| Aim of the exercise |
The reply has to contain each record exactly as written.

+++ Records to use

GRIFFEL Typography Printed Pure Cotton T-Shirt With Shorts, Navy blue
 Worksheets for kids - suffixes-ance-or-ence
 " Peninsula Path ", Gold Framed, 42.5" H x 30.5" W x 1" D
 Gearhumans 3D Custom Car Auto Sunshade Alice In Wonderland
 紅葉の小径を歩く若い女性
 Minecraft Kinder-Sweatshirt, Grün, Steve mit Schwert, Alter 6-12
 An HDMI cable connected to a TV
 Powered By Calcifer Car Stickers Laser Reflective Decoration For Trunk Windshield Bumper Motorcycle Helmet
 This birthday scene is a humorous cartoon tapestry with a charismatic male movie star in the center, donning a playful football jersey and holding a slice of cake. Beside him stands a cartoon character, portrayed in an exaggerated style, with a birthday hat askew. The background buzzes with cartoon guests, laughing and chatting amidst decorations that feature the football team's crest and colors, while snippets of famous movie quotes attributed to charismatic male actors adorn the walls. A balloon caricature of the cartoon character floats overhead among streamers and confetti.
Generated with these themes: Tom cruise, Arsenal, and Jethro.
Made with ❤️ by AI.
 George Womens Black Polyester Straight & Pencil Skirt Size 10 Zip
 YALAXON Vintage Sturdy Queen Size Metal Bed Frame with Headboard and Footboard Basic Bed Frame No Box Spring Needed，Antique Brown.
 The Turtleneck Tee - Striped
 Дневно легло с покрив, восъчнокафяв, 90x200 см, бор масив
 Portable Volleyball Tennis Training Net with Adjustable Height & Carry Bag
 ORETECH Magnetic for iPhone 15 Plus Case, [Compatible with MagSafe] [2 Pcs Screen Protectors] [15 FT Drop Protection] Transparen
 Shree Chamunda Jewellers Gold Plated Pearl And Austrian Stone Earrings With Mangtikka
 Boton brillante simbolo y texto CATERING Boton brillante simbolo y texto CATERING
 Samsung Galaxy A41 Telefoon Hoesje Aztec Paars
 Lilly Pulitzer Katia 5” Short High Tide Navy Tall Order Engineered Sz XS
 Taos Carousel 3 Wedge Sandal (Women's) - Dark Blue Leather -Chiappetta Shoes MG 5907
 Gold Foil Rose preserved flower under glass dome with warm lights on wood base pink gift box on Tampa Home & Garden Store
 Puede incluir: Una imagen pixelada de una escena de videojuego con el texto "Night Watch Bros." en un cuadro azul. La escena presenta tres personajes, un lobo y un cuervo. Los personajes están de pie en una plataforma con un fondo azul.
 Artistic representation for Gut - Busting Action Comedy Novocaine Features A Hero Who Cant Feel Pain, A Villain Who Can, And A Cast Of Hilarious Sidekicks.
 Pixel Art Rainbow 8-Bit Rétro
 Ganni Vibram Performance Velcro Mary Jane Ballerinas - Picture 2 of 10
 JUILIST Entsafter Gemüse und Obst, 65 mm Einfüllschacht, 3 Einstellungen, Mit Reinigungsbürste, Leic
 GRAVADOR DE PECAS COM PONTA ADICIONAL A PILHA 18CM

++++++

| Exercise solution |
GRIFFEL Typography Printed Pure Cotton T-Shirt With Shorts, Navy blue
 Worksheets for kids - suffixes-ance-or-ence
 " Peninsula Path ", Gold Framed, 42.5" H x 30.5" W x 1" D
 Gearhumans 3D Custom Car Auto Sunshade Alice In Wonderland
 紅葉の小径を歩く若い女性
 Minecraft Kinder-Sweatshirt, Grün, Steve mit Schwert, Alter 6-12
 An HDMI cable connected to a TV
 Powered By Calcifer Car Stickers Laser Reflective Decoration For Trunk Windshield Bumper Motorcycle Helmet
 This birthday scene is a humorous cartoon tapestry with a charismatic male movie star in the center, donning a playful football jersey and holding a slice of cake. Beside him stands a cartoon character, portrayed in an exaggerated style, with a birthday hat askew. The background buzzes with cartoon guests, laughing and chatting amidst decorations that feature the football team's crest and colors, while snippets of famous movie quotes attributed to charismatic male actors adorn the walls. A balloon caricature of the cartoon character floats overhead among streamers and confetti.
Generated with these themes: Tom cruise, Arsenal, and Jethro.
Made with ❤️ by AI.
 George Womens Black Polyester Straight & Pencil Skirt Size 10 Zip
 YALAXON Vintage Sturdy Queen Size Metal Bed Frame with Headboard and Footboard Basic Bed Frame No Box Spring Needed，Antique Brown.
 The Turtleneck Tee - Striped
 Дневно легло с покрив, восъчнокафяв, 90x200 см, бор масив
 Portable Volleyball Tennis Training Net with Adjustable Height & Carry Bag
 ORETECH Magnetic for iPhone 15 Plus Case, [Compatible with MagSafe] [2 Pcs Screen Protectors] [15 FT Drop Protection] Transparen
 Shree Chamunda Jewellers Gold Plated Pearl And Austrian Stone Earrings With Mangtikka
 Boton brillante simbolo y texto CATERING Boton brillante simbolo y texto CATERING
 Samsung Galaxy A41 Telefoon Hoesje Aztec Paars
 Lilly Pulitzer Katia 5” Short High Tide Navy Tall Order Engineered Sz XS
 Taos Carousel 3 Wedge Sandal (Women's) - Dark Blue Leather -Chiappetta Shoes MG 5907
 Gold Foil Rose preserved flower under glass dome with warm lights on wood base pink gift box on Tampa Home & Garden Store
 Puede incluir: Una imagen pixelada de una escena de videojuego con el texto "Night Watch Bros." en un cuadro azul. La escena presenta tres personajes, un lobo y un cuervo. Los personajes están de pie en una plataforma con un fondo azul.
 Artistic representation for Gut - Busting Action Comedy Novocaine Features A Hero Who Cant Feel Pain, A Villain Who Can, And A Cast Of Hilarious Sidekicks.
 Pixel Art Rainbow 8-Bit Rétro
 Ganni Vibram Performance Velcro Mary Jane Ballerinas - Picture 2 of 10
 JUILIST Entsafter Gemüse und Obst, 65 mm Einfüllschacht, 3 Einstellungen, Mit Reinigungsbürste, Leic
 GRAVADOR DE PECAS COM PONTA ADICIONAL A PILHA 18CM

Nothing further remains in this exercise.